__Dataset excerpts__.
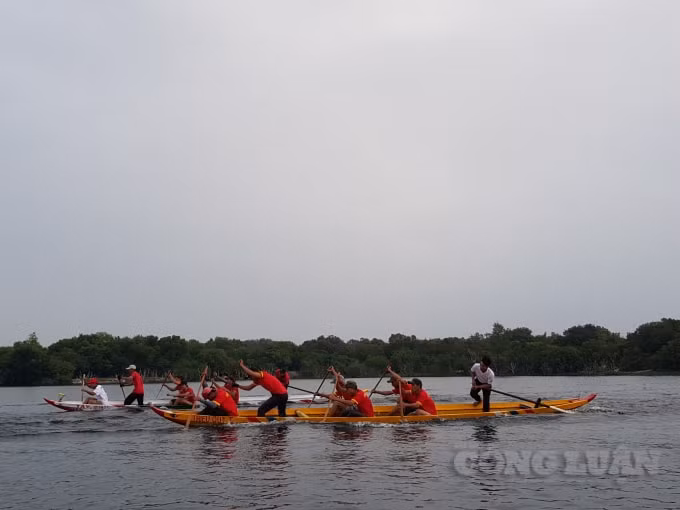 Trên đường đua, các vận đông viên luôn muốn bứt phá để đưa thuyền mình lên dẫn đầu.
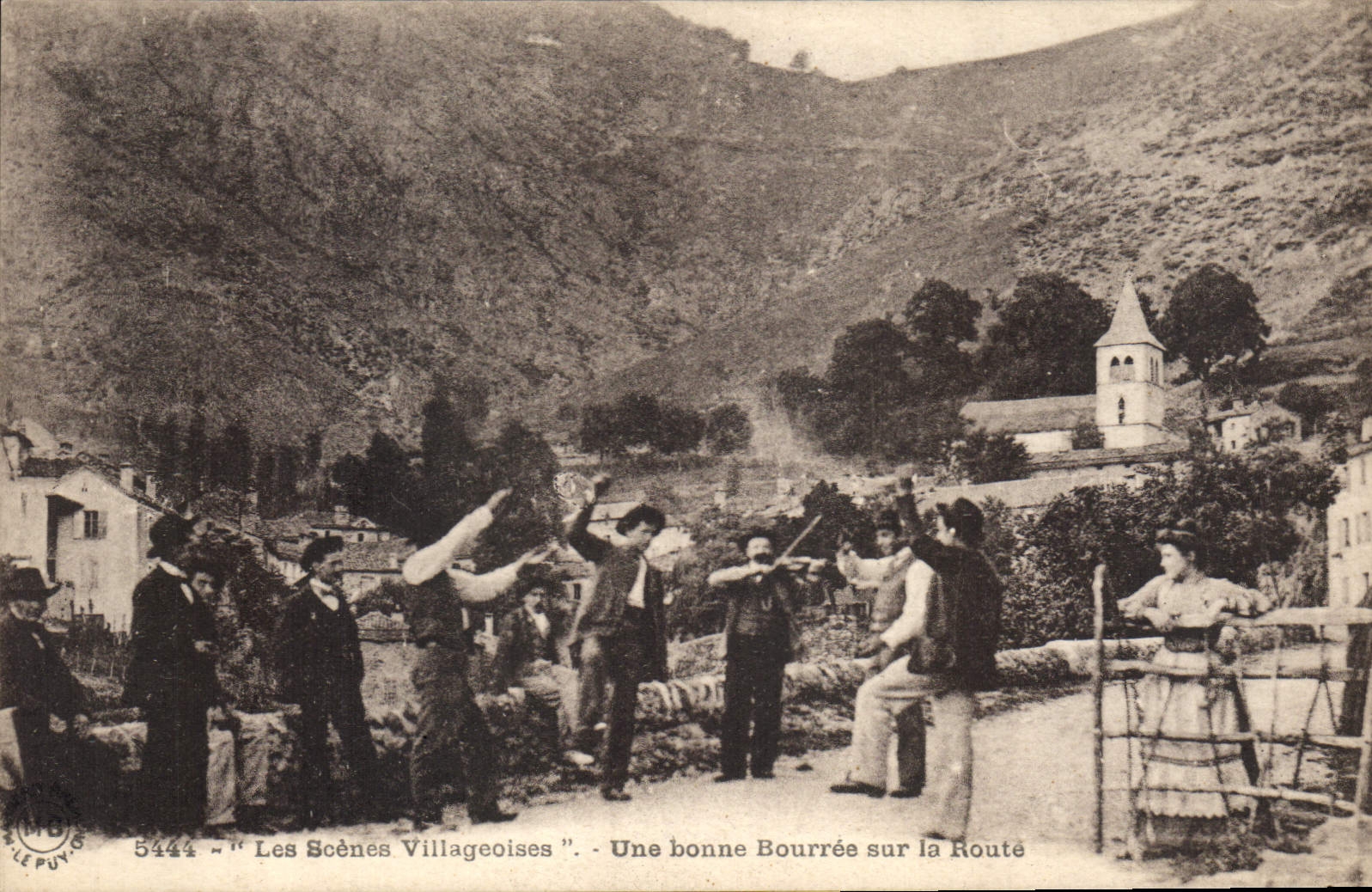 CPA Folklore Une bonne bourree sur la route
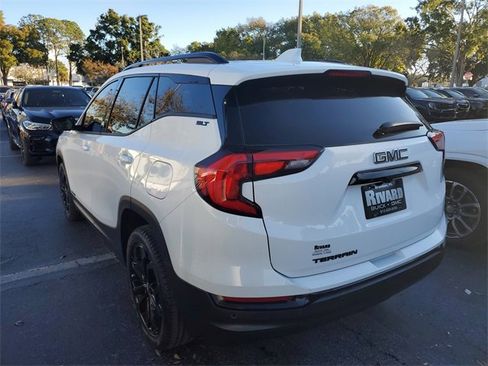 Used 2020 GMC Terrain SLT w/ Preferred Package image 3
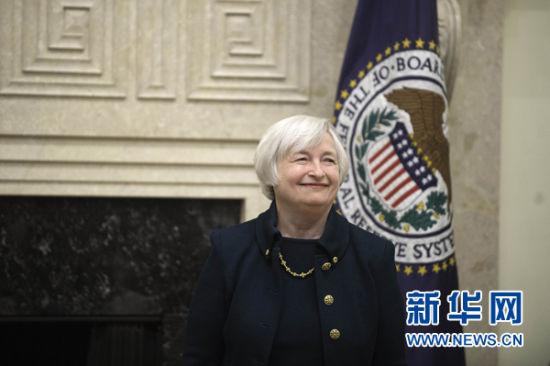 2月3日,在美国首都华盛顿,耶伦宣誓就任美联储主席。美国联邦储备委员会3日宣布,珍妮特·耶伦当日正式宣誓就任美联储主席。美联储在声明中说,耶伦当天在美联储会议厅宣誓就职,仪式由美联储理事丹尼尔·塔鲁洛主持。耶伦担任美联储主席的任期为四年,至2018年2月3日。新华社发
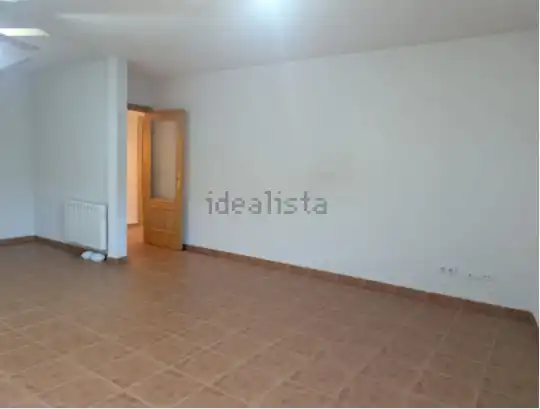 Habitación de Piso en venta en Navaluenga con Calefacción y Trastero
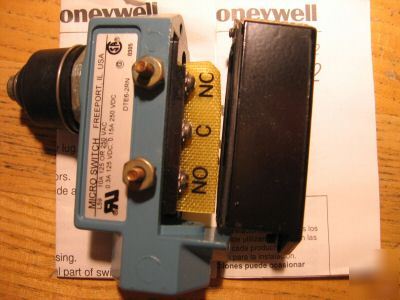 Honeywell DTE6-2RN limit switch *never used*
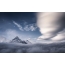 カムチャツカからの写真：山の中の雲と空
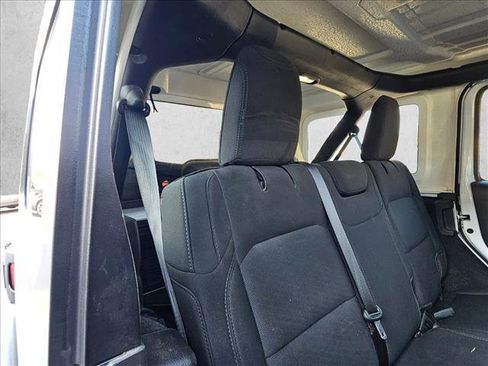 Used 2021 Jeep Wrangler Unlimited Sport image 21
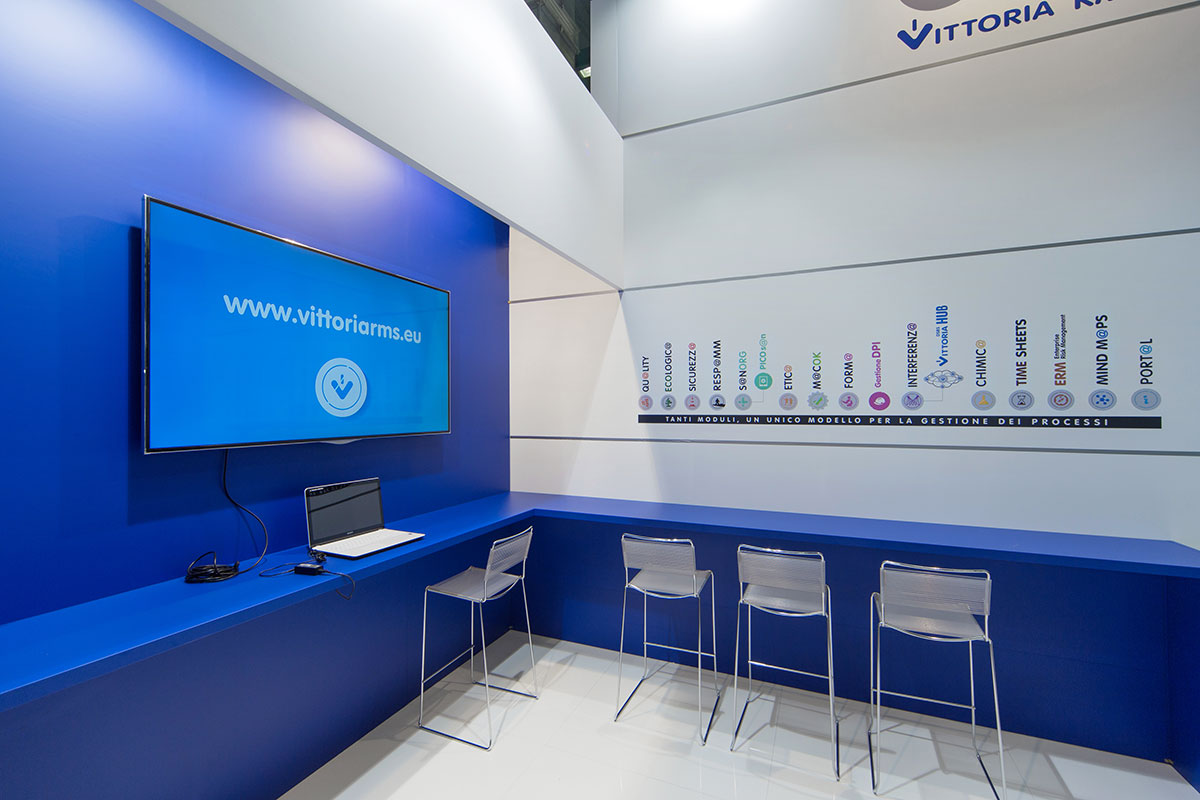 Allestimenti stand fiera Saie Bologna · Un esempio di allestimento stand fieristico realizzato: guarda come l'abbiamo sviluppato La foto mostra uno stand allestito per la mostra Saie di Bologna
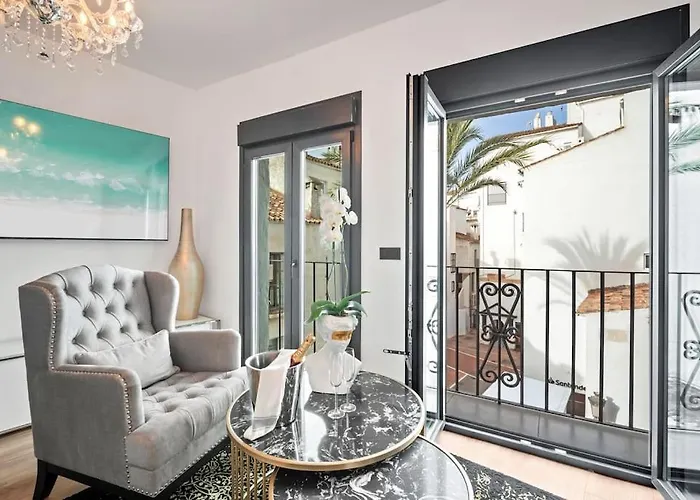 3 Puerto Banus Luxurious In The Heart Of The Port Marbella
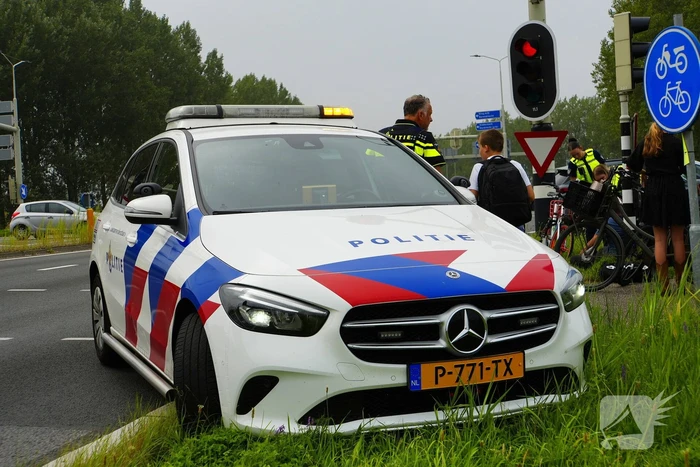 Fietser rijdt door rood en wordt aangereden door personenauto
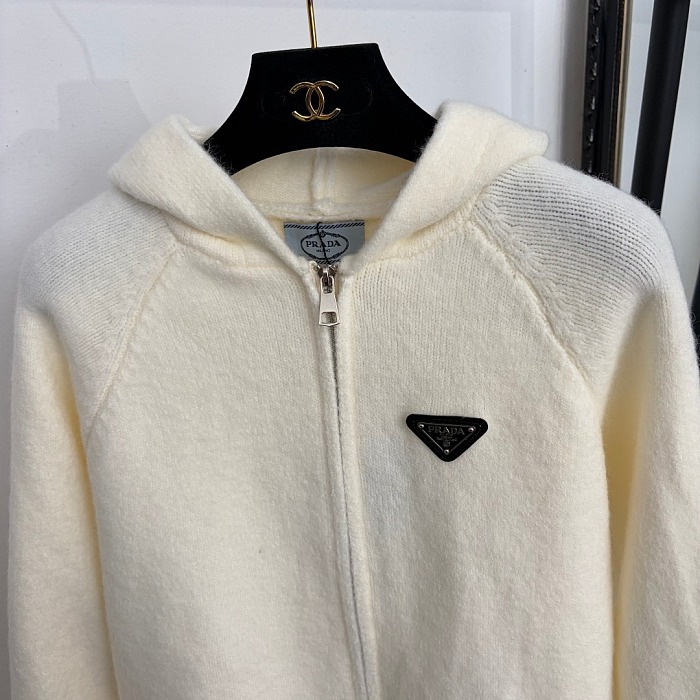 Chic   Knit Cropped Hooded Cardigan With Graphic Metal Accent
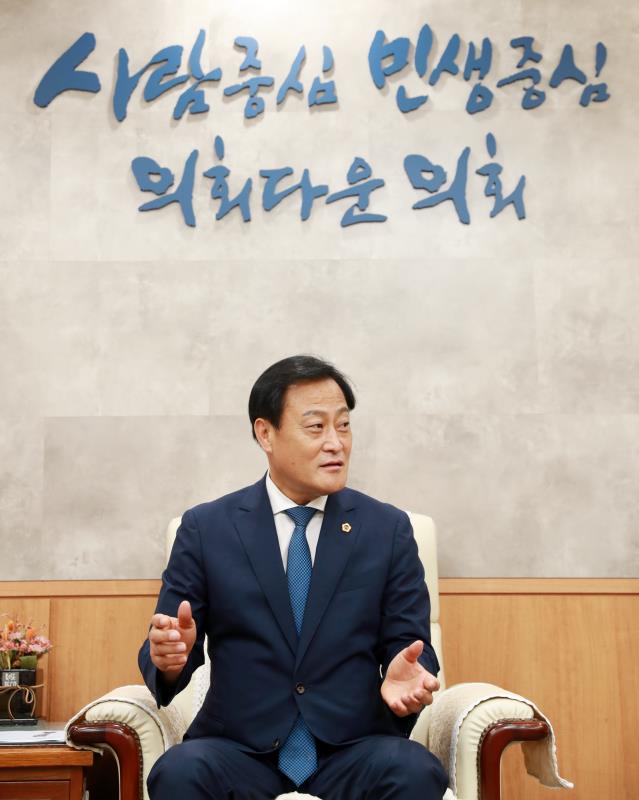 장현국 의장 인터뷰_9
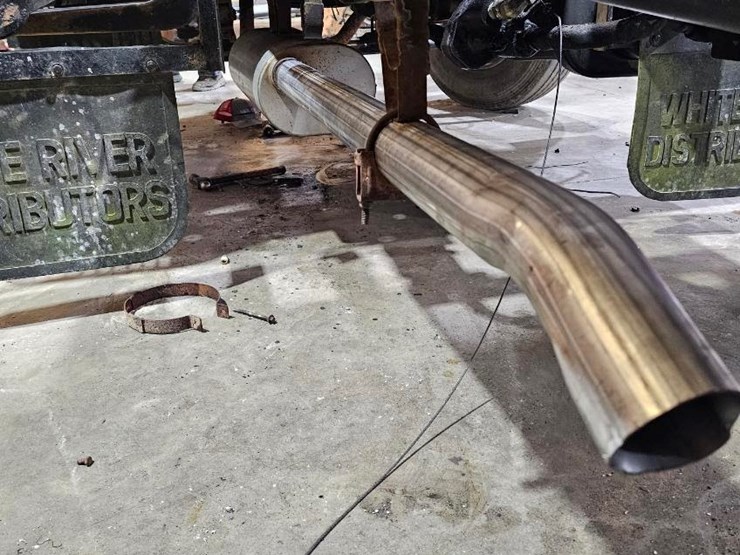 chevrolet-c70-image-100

__Task instructions__. Take the lines from the first line of the entries through the line with "Allestimenti stand fiera", inclusive, and give them again exactly, minus any pictures.

__Written solution__.
 Trên đường đua, các vận đông viên luôn muốn bứt phá để đưa thuyền mình lên dẫn đầu.
 CPA Folklore Une bonne bourree sur la route
 Used 2020 GMC Terrain SLT w/ Preferred Package image 3
 2月3日,在美国首都华盛顿,耶伦宣誓就任美联储主席。美国联邦储备委员会3日宣布,珍妮特·耶伦当日正式宣誓就任美联储主席。美联储在声明中说,耶伦当天在美联储会议厅宣誓就职,仪式由美联储理事丹尼尔·塔鲁洛主持。耶伦担任美联储主席的任期为四年,至2018年2月3日。新华社发
 Habitación de Piso en venta en Navaluenga con Calefacción y Trastero
 Honeywell DTE6-2RN limit switch *never used*
 カムチャツカからの写真：山の中の雲と空
 Used 2021 Jeep Wrangler Unlimited Sport image 21
 Allestimenti stand fiera Saie Bologna · Un esempio di allestimento stand fieristico realizzato: guarda come l'abbiamo sviluppato La foto mostra uno stand allestito per la mostra Saie di Bologna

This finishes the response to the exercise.